Środa jest dniem dużych zmian. Niesprawiedliwy wyrok Tomasza Komendy został uchylony, mężczyzna domaga się wielomilionowego odszkodowania. Istotną informacją jest ogłoszenie reorganizacji banku WBK, który niebawem będzie mianował się jako Santander Bank Polski. Zmienił się również status „Masy”, znanego świadka koronnego, z wolnego na oskarżonego.

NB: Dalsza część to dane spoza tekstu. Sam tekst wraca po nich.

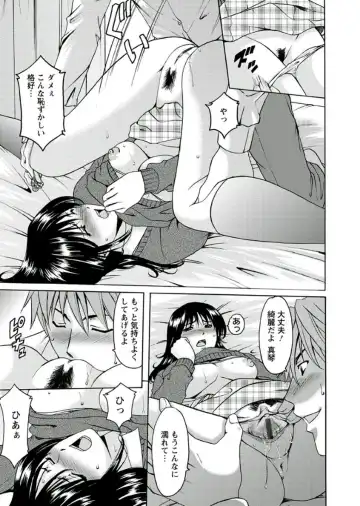 [Hoshino Ryuichi] M Jo Collection ~Ni Daime Choukyoushi~ Fhentai - Page 149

Ostateczne uniewinnienie Komendy
Dziś wyrok 25 lat więzienia dla Komendy został ostatecznie uchylony. Niesłusznie oskarżony o brutalny gwałt i zabójstwo piętnastoletniej Małgorzaty K. Mężczyzna trafił do więzienia na osiemnaście lat, które opisuje jako piekło. Niestety winnych dramatu Komendy – nie ma. Sędzia, który w 2004 roku wydał krzywdzący wyrok nadal czynnie pracuje. Natomiast emerytowany dziś prokurator, który przyczynił się do zatrzymania mężczyzny, nie wydaje się poczuwać do winy. Tomasz Komenda domaga się więc należytego odszkodowania w wysokości dziesięciu milionów złotych, ale także moralnego zadośćuczynienia. Dodaje, że nie spocznie, dopóki odpowiedzialne za odsiadkę osoby nie trafią na ławę oskarżonych, ale jednocześnie nie pokłada już wiary w polski wymiar sprawiedliwości. Adwokat niesłusznie oskarżonego mężczyzny, Zbigniew Ćwiąkalski zarzeka się, że zrobi wszystko, by „państwo poniosło konsekwencje wsadzenia do więzienia niewinnego człowieka”.

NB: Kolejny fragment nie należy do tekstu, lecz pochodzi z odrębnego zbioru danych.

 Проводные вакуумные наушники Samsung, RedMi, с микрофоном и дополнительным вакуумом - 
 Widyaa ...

Duża zmiana na rynku bankowym
Ważna zmiana dla 4,5 miliona klientów Banku Zachodniego WBK – trzeci największy bank w Polsce już we wrześniu przekształci się w Santander Bank Polska. Zmieni się także siedziba banku, dotąd umiejscowiona we Wrocławiu zostanie przeniesiona do Warszawy. Dostosowanie oddziału, transpozycja szaty graficznej oraz logo banku rozpocznie się tuż po wakacjach. Zmiana podyktowana ma być komfortem klientów, którzy poczują się silniej związani z międzynarodową instytucją, jaką jest hiszpański Banco Santander. Główny akcjonariusz dzisiejszego banku WBK.
Masa z synem zatrzymani przez malwersacje finansowe
Jarosław S., słynny bandycki celebryta został zatrzymany w związku ze śledztwem Lubelskiego Wydziału Zamiejscowego Departamentu ds. Przestępczości Zorganizowanej i Korupcji Prokuratury Krajowej. Przestępcza grupa złożona z Masy, jego syna, urzędnika urzędu celno-skarbowego oraz policjanta miała wyłudzić kredyty bankowe na sumę niemal 670 tysięcy złotych. Podczas śledztwa ustalono także, że oskarżony miał wręczać i przyjmować łapówki, a także powoływać się na znajomości w łódzkiej komendzie policji. W zeszłym roku Masa zdradził Superexpressowi swoje marzenia o byciu ochroniarzem Jarosława Kaczyńskiego, którego pragnął chronić własną piersią. Najprawdopodobniej nigdy się już nie spełnią, bo sam Masa na wiele lat trafi za kratki.